At intermission, there's a crowd forming in the lady's room — but not in a line. "We're not waiting; we're training!" they say. A few PFL leaguers offer tips to Bunny Bang Up, an amateur about to be pummeled by "Anna Conda," a blond, sorority-girlish fighter who says into the mic after her win: "I just like to hit." But Bang Up put up a good fight. The tipsters were telling her that most newbies don't go for the legs; that, really, it's about the pin, not so much about pillow-swinging; it's all about the leg strength ..."

Eventually, it's time for the main event. Sailor Gerry — asthmatic and cute as all get-out in anchor tattoos and Manic Panic red hair — kicks the asses of both Lynn Somnia and Boozy Suzy, to be crowned Number One Contender. Gerry will battle Champain in the next event in Windsor.

These pillow-fighters aren't the only girls going at it. Newmindspace, an interactive public art collective based in New York and Toronto, prompts public pillow fights and bubble battles. And artist Meg Duguid recently staged a "purse-fight" in front of Chicago's Prada store.

Detroit is no stranger to aggressive lasses, either. The Detroit Derby Girls have been rollin' and bruisin' since 2005. And back in the late '90s, female wrestling league New Girl Order battled it out at the Gold Dollar and Old Miami.

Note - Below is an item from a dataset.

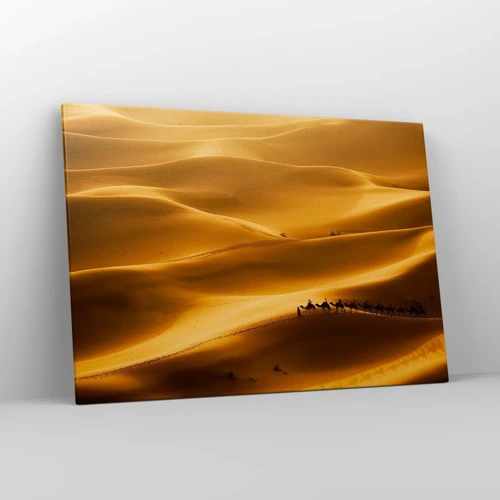 Impression sur toile - Image sur toile - Caravane sur les vagues du désert - 100x70 cm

"It was a blast," says Killer Bee, one of the New Girl Order wrestlers. "It was fun to explore an alter ego, to be wild and crazy, to be physically aggressive, to be silly ... I also really liked that NGO was something different for every girl. Some girls would know what would happen in their matches — more of a performance — while other girls just straight-up brawled."

Back in Brooklyn, the show's over. Outside, fliers get handed out for Amateur Female Jell-O Wrestling, which takes place next month at another bar. The flier screams in caps that it's an event "produced by women for women." It's free for wrestlers, $3 for girls who choose not to wrestle, $7 for boys who come with girls and $15 for single boys, where the flier adds: "Get it? Bring a girl."

In Windsor this weekend, women who like to hit, will hit. Guys who like to run their mouth will shout demeaning asides at them, and they'll all laugh their asses off because these women are sweaty and they're beautiful and they're beasts, in it to win it.